Susan Wood, filing for the [Carson City] Nevada Appeal News Service, detects an irony that has, to date, escaped the attention of church historians. Writing about a visit of Katharine Jefferts Schori, who will become the presiding bishop of the Episcopal Church on Nov. 4, Wood offers this stunning collection of direct quotes and sloppy paraphrases:
[Jefferts] Schori has a new set of challenges to confront with a church in a state of crossroads — including the clergy’s attitude about global warming, which [Jefferts] Schori believes is a real crisis. Old ideals about divorce, contraception and same-sex marriage have given way to a new way of dealing with the modern world.

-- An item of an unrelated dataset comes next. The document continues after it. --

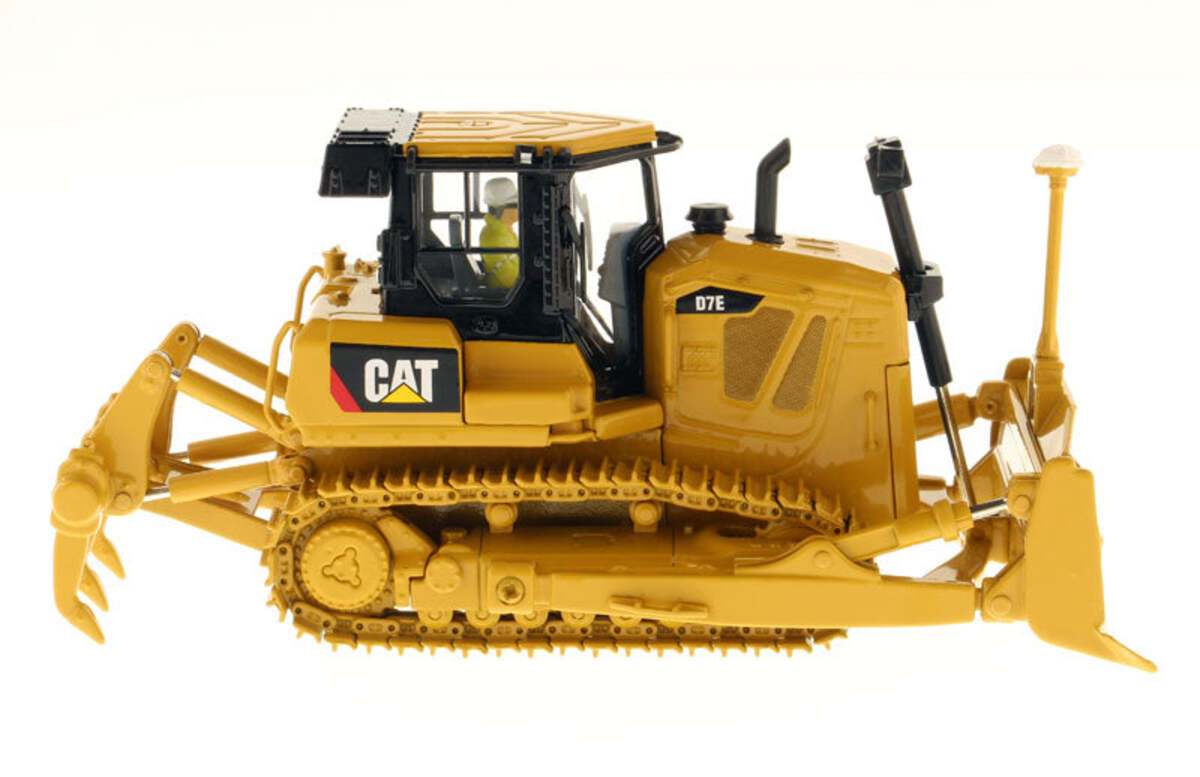 DieCast Masters 85224C 1:50 Caterpillar D7E Track-Type Tractor Dozer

The latter issue provided the Episcopal [Church] with much discourse during a recent convention when it appeared to relax its rules on alternative lifestyles.
“We did say as a church that it’s appropriate or acceptable for individual congregations to bless couples as a matter of pastoral practice,” she said.
Then, there are other changing signs.
“We’re changing attitudes about divorce,” she said. The church finds it appropriate to encourage divorce for the safety of the people involved.
“We’re more flexible than the Catholic church,” she said.
The irony is, Catholicism was part of the Episcopal Church before a split in the 1500s.
At last the truth is out! Perhaps this irony makes the Episcopal Church (which held its first General Convention in 1785) the honorary largest Christian communion in all the world. Oh, if only those schismatics in the Roman Catholic Church had not separated from the Episcopal Church before it existed.
On a note only a bit less prone to cause spit takes, Tina Kelley of The New York Times reported that the Archbishop of Canterbury has proposed forcing the Episcopal Church to change its mind on sexuality:
At the end of June, the Diocese of Newark named the openly gay priest as one of its candidates for bishop, defying a plea for restraint by a vote of the bishops and delegates at the Episcopal Church’s triennial General Convention. The selection came only a day after the archbishop of Canterbury, the nominal leader of the world’s 77 million Anglicans, proposed a plan that could force the Episcopal Church to renounce gay bishops and the blessings of same-sex unions or lose full membership in the communion.
For an ever so slightly more nuanced perspective on the Archbishop of Canterbury’s plan, let us turn to, oh, the Archbishop of Canterbury, describing responses to his public reflections in “The Challenge and Hope of Being Anglican Today“:
In spite of some interesting reporting and some slightly intemperate reaction, this [reflection] contained no directives (I do not have authority to dictate policy to the provinces of the Communion) and no foreclosing of the character and content of such a covenant. Were any such arrangement to be proposed, it would of course have to be owned by the constitutional bodies governing Provinces. The proposal has already been dismissed in some quarters as a capitulation to fundamentalism and in others as a cunning plan to entrench total doctrinal indifferentism.
Both characterisations are nonsense.